Glossary

Sales Automation

Sales automation is the use of software to handle repetitive sales tasks — follow-ups, data entry, lead assignment, reminders — without a rep doing them manually.

Last updated July 18, 2026

How sales automation works

Sales automation runs on triggers and actions: a trigger is an event (a new lead comes in, a deal sits untouched for five days, an email goes unopened for 48 hours), and an action is what the CRM does in response (assign the lead, send a reminder, notify a manager). A rep or admin defines the rule once, and the CRM executes it every time the trigger fires, with no manual step in between.

This differs from a simple reminder or checklist in that the CRM takes the action itself — sending the email, updating the field, creating the task — rather than just telling a person what to do next.

Example

A rule might say: if a deal has had no activity logged for 7 days and is still in the "Proposal Sent" stage, send the assigned rep a task and notify their manager.

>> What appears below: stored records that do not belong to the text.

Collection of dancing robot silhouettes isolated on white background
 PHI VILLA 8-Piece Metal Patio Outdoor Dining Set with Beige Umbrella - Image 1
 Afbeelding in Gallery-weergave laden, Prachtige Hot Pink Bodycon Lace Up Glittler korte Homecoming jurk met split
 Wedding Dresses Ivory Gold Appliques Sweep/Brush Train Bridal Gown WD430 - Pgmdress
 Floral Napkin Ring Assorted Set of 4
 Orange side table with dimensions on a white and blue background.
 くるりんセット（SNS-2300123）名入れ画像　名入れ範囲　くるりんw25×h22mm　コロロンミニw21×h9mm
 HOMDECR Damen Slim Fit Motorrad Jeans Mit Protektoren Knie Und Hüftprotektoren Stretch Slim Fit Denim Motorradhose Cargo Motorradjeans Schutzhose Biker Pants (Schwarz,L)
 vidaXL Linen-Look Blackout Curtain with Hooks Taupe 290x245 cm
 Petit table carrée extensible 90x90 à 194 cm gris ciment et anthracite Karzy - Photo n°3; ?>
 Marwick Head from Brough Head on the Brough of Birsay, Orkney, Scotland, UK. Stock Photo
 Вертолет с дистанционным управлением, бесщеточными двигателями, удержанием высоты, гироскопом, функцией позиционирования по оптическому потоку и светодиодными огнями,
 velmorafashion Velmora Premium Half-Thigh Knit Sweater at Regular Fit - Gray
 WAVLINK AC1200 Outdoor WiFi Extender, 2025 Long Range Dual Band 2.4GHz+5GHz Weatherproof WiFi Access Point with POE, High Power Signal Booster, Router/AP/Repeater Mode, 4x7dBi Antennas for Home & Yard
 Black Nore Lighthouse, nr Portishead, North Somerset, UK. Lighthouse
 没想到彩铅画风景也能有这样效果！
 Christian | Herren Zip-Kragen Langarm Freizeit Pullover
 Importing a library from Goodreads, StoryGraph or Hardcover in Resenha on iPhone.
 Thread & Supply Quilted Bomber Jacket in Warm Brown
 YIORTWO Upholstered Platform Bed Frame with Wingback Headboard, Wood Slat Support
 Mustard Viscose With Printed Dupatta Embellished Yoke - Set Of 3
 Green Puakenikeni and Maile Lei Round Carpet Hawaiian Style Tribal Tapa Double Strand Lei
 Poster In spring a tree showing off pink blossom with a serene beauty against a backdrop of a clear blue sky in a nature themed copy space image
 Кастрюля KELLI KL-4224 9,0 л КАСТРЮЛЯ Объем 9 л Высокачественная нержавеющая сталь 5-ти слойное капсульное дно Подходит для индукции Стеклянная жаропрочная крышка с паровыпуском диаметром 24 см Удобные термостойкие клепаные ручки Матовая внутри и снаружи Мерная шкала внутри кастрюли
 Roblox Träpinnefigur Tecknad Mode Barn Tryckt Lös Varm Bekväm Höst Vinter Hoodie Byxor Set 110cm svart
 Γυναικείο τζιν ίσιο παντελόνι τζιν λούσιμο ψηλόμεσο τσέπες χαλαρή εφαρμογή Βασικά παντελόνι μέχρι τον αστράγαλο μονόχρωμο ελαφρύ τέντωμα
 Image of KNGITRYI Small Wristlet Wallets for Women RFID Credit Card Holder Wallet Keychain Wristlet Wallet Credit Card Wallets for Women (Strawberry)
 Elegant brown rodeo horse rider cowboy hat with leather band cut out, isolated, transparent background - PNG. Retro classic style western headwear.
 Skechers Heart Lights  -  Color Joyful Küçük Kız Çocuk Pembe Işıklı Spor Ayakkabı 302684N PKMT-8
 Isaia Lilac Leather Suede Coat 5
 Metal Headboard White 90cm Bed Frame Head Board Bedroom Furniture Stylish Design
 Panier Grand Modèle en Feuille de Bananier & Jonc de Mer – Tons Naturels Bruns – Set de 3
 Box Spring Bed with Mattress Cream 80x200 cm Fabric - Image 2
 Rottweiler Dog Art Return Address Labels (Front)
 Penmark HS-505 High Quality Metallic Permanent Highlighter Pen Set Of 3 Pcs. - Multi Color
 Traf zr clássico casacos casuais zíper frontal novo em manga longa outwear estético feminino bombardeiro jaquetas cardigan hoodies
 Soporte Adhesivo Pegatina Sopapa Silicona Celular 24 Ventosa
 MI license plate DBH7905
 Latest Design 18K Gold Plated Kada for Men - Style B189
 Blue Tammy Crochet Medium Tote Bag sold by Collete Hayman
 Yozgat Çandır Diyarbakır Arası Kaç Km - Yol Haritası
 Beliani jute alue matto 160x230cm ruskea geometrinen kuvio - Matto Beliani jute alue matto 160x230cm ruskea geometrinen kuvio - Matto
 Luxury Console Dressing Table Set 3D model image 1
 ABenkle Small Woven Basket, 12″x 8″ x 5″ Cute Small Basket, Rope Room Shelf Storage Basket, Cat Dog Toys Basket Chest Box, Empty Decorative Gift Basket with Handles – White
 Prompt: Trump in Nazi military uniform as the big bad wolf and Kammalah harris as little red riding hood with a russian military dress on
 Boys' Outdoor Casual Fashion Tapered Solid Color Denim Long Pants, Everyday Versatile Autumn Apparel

The rep doesn't need to remember to check; the CRM surfaces it automatically.

What sales automation typically covers

The most common categories are:

  • Follow-up automation — sending a scheduled email or task reminder after a call, demo, or form fill, without the rep drafting it each time.
  • Lead routing — automatically assigning a new lead to a rep based on territory, workload, or lead source, instead of a manual handoff.
  • Deal-stage updates — moving a deal forward or flagging it as stalled based on activity, replies, or elapsed time.
  • Data entry — logging emails, calls, and form submissions to the right contact or deal record automatically, so reps aren't retyping information the system already has.
  • Internal alerts — notifying a manager when a high-value deal goes quiet or a lead sits unassigned past a set threshold.

Why it matters

Manual follow-up is the single biggest source of dropped deals in small sales teams: a lead goes cold not because the offer was wrong, but because nobody followed up within the window that mattered. Automation makes follow-up timing and lead handoff a property of the system rather than a property of any one rep's memory or workload that day, which is why it tends to move pipeline metrics (response time, follow-up consistency) more reliably than training or willpower alone.

It also reduces the administrative load that pushes reps to abandon CRM data entry in the first place — the less manual upkeep a CRM demands, the more likely the data in it stays accurate.